## Extracted material:
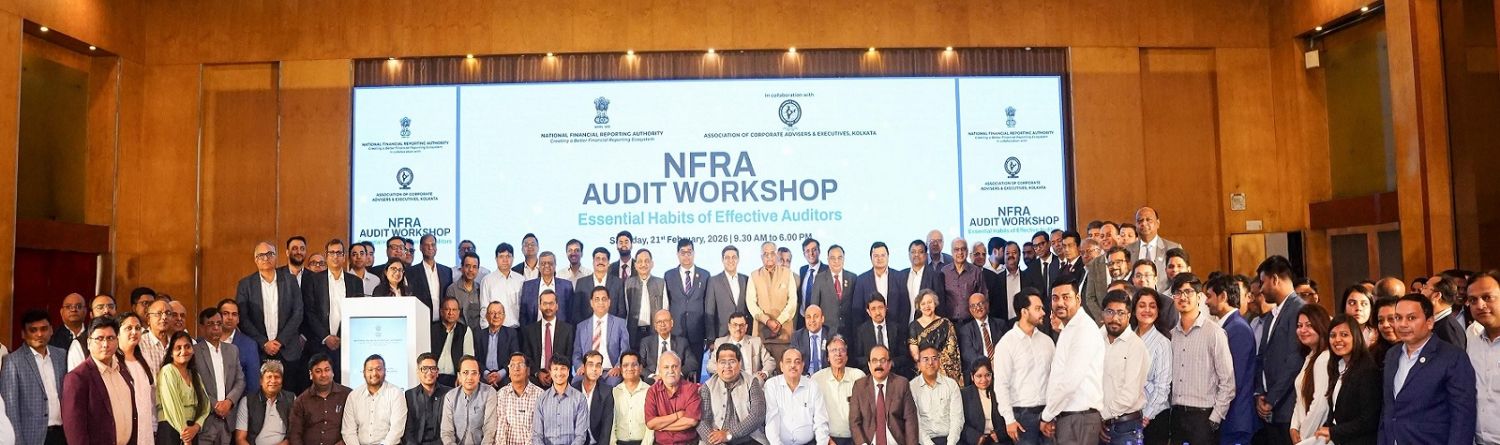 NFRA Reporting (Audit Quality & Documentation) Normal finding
* * *
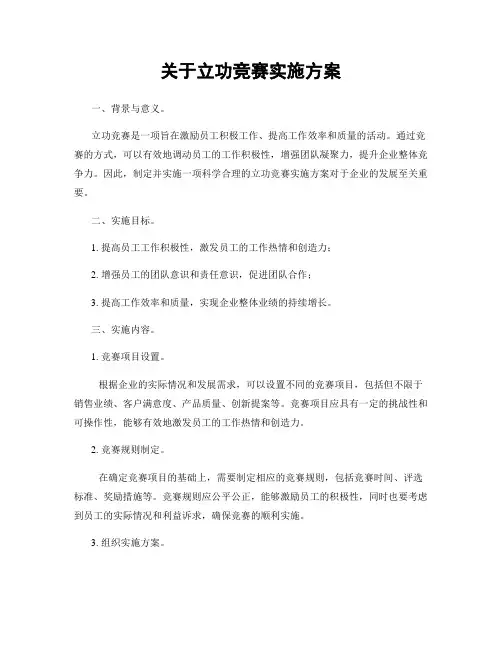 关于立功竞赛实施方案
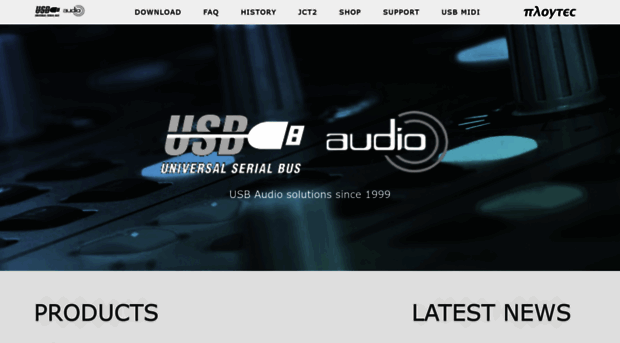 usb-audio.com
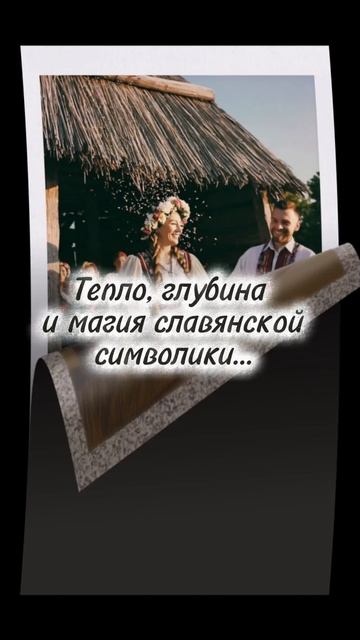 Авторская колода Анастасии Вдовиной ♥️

## Requirement:
All pictures are to be skipped. Output, word for word, the lines in the data above starting at the line containing "usb-audio.com" and ending at the line containing "Авторская колода Анастасии Вдовиной ♥️".

## Result of this exercise:
 usb-audio.com
 Авторская колода Анастасии Вдовиной ♥️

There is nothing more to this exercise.